After graduating from GW, Ms. Sansone traveled to the West Coast and earned her law degree from Stanford University. From there, her career followed an ambitious path—her passion for environmental law and public policy led her from serving as assistant attorney general in Juneau, Alaska, to returning to Washington, D.C., to play a pivotal role in the city's Environmental Health Administration that culminated in the creation of the District Department of the Environment.

As chief of staff for the D.C. Department of Health's HIV/AIDS Administration (HAA), she also became a top official in D.C.'s battle against the disease. Her many achievements in this challenging role were often supported by GW's School of Public Health and Health Services (now the Milken Institute School of Public Health).

"In all of our endeavors at HAA, we had assistance from GW professors and students," Ms. Sansone says.

Ms. Sansone credits GW with preparing her well for her remarkable career, thanks to the rigorous intellectual training and multifaceted application of her philosophy degree.

"When you are dealing with something like disease surveillance, you can draw on many principles: objectivity, accuracy and precision, data integrity, privacy and confidentiality, statistical analysis," she states, "and that all goes back to the very same foundational skills that you learn in philosophy classes."

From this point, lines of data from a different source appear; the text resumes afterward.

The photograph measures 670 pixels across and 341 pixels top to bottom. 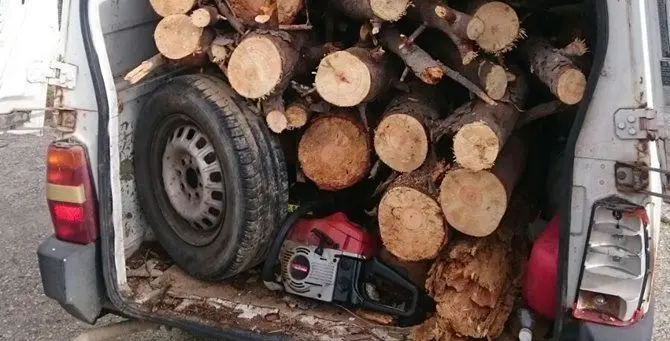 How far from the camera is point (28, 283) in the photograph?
426cm

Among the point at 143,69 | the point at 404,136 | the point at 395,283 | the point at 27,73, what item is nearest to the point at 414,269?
the point at 395,283

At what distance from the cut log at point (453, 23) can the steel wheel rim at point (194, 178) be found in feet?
3.36

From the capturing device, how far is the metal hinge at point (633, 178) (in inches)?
84.8

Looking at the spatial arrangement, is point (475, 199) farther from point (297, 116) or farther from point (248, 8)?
point (248, 8)

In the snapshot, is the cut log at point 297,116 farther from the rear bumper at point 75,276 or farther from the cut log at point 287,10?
the rear bumper at point 75,276

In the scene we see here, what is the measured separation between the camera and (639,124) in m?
2.15

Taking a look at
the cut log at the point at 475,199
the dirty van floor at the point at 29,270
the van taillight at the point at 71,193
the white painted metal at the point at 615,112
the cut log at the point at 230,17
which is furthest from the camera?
the dirty van floor at the point at 29,270

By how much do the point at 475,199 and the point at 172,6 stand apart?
4.82 feet

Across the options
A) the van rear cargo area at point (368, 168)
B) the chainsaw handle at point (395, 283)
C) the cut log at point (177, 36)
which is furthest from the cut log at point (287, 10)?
the chainsaw handle at point (395, 283)

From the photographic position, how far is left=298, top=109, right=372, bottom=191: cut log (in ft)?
9.93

After supporting the philosophy department with annual contributions for more than 20 years, Ms. Sansone reflected on how she could continue to make a difference for the department that she loves and that played such an important role in her success. Her answer: a planned gift.

"Well, sooner or later, everyone really should sit down and make out a will," she says. "And that gets you thinking about whether you have done anything, or still have time to do anything, that will make the world a better place."

Ms. Sansone hopes her gift will sustain GW's Department of Philosophy long into the future.

"Philosophy is the most useful subject you can pursue, because more so than any other, it teaches you to inquire, to think critically, to analyze, and to communicate complex thoughts," she explains. "With all the problems that we have in the world today, we desperately need people who can bring reasoned and principled analysis to the table."